* [INFORMATION]
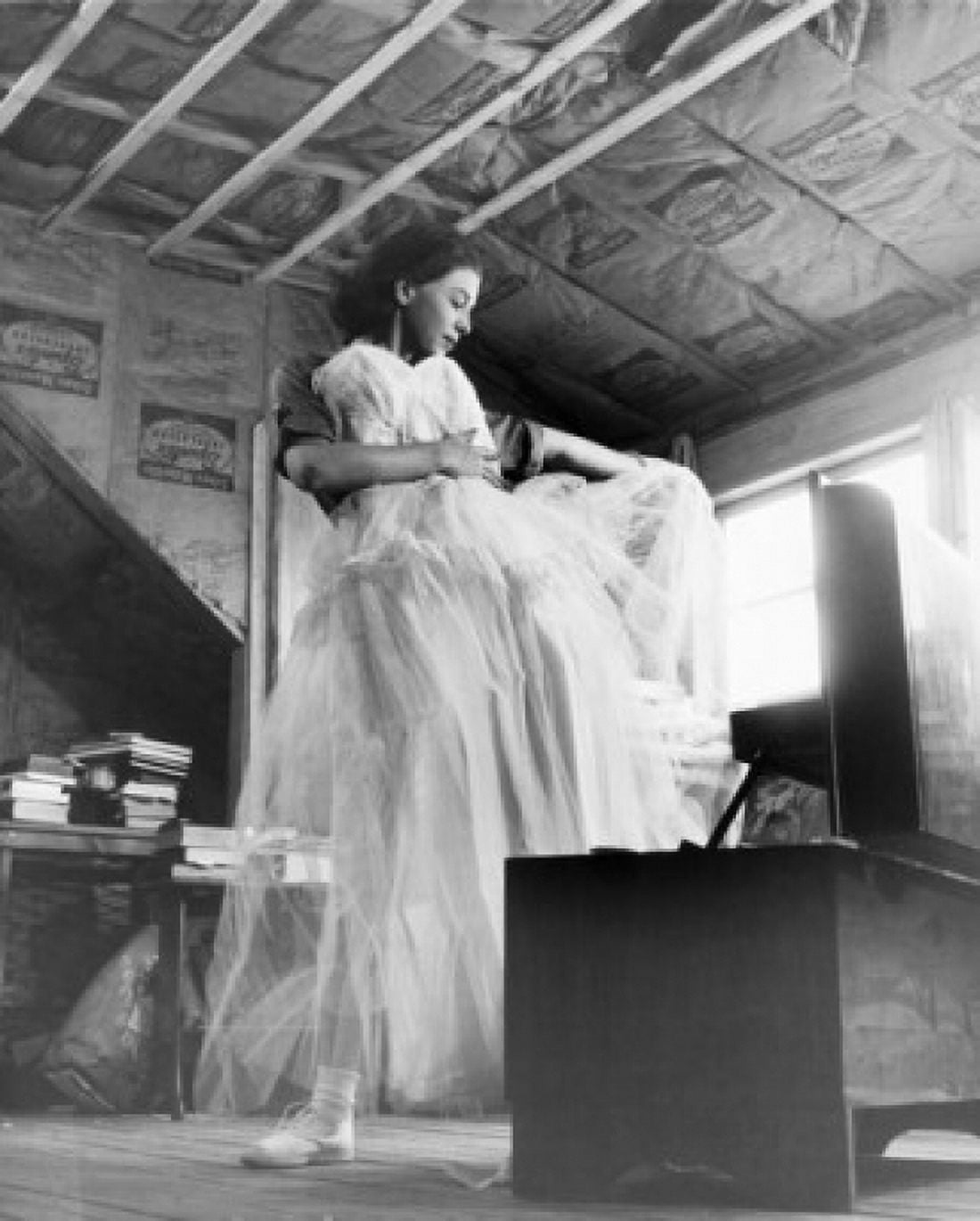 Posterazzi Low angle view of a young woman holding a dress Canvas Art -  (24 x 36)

* * *

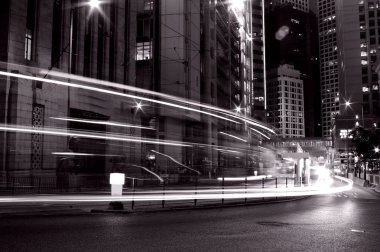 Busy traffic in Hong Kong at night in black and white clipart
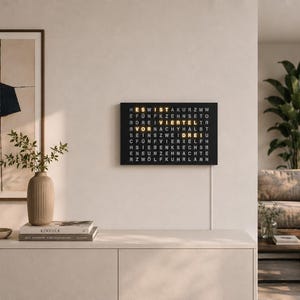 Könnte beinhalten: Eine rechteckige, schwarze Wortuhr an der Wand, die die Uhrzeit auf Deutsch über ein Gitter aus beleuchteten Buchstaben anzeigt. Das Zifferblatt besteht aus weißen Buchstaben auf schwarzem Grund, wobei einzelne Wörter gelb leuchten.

* [EXERCISE GOAL]
When you reach the line holding "Busy traffic in" in the listing above, begin retyping exactly, and stop once the line holding "Könnte beinhalten: Eine" is done; pictures stay out.

* [REPLY TO THE EXERCISE]
 Busy traffic in Hong Kong at night in black and white clipart
 Könnte beinhalten: Eine rechteckige, schwarze Wortuhr an der Wand, die die Uhrzeit auf Deutsch über ein Gitter aus beleuchteten Buchstaben anzeigt. Das Zifferblatt besteht aus weißen Buchstaben auf schwarzem Grund, wobei einzelne Wörter gelb leuchten.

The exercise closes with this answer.